▶ **Task to complete**: For each line in the data below that holds "white", return a copy.

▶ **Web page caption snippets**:
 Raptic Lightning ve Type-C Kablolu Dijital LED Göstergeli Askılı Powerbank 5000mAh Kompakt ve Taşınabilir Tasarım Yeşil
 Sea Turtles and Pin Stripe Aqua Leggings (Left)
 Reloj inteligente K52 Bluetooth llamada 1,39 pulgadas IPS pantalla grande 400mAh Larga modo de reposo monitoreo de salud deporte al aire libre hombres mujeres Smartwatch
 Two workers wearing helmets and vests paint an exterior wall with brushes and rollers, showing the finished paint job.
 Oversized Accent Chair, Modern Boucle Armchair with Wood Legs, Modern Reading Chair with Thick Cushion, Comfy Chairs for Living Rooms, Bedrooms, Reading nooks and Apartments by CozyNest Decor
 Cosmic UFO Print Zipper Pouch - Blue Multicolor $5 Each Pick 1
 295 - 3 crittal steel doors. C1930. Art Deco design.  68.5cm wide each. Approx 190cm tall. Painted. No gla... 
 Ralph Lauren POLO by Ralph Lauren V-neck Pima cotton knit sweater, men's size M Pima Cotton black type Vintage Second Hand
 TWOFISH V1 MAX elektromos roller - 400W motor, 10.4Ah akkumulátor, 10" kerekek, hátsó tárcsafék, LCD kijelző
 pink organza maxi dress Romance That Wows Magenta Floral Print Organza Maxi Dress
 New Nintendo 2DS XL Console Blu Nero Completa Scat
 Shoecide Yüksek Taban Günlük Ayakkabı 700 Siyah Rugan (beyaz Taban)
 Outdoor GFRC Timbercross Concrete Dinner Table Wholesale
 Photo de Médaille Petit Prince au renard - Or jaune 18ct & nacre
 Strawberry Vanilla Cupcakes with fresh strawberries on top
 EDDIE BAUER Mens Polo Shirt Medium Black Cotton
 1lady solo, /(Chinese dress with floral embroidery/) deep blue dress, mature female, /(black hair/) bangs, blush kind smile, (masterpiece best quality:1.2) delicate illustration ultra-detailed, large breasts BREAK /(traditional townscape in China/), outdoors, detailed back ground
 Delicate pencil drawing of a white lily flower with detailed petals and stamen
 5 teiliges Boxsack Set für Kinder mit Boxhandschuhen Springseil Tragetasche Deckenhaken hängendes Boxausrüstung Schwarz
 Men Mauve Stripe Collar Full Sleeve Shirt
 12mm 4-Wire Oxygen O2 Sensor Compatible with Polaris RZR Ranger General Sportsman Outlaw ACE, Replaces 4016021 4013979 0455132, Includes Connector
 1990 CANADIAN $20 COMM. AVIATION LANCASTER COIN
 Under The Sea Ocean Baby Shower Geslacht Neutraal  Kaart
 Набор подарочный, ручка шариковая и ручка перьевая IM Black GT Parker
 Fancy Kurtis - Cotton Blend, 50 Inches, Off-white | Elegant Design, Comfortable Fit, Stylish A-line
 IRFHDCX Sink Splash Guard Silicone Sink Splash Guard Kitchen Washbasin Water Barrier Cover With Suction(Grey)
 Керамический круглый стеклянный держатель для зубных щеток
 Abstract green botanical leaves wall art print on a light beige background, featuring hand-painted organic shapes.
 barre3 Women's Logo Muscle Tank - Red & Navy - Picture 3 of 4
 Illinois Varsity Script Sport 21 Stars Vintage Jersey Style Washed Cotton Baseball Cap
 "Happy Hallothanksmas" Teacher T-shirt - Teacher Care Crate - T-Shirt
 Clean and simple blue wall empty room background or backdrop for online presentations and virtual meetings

▶ **Solution to this problem**:
 Delicate pencil drawing of a white lily flower with detailed petals and stamen
 Fancy Kurtis - Cotton Blend, 50 Inches, Off-white | Elegant Design, Comfortable Fit, Stylish A-line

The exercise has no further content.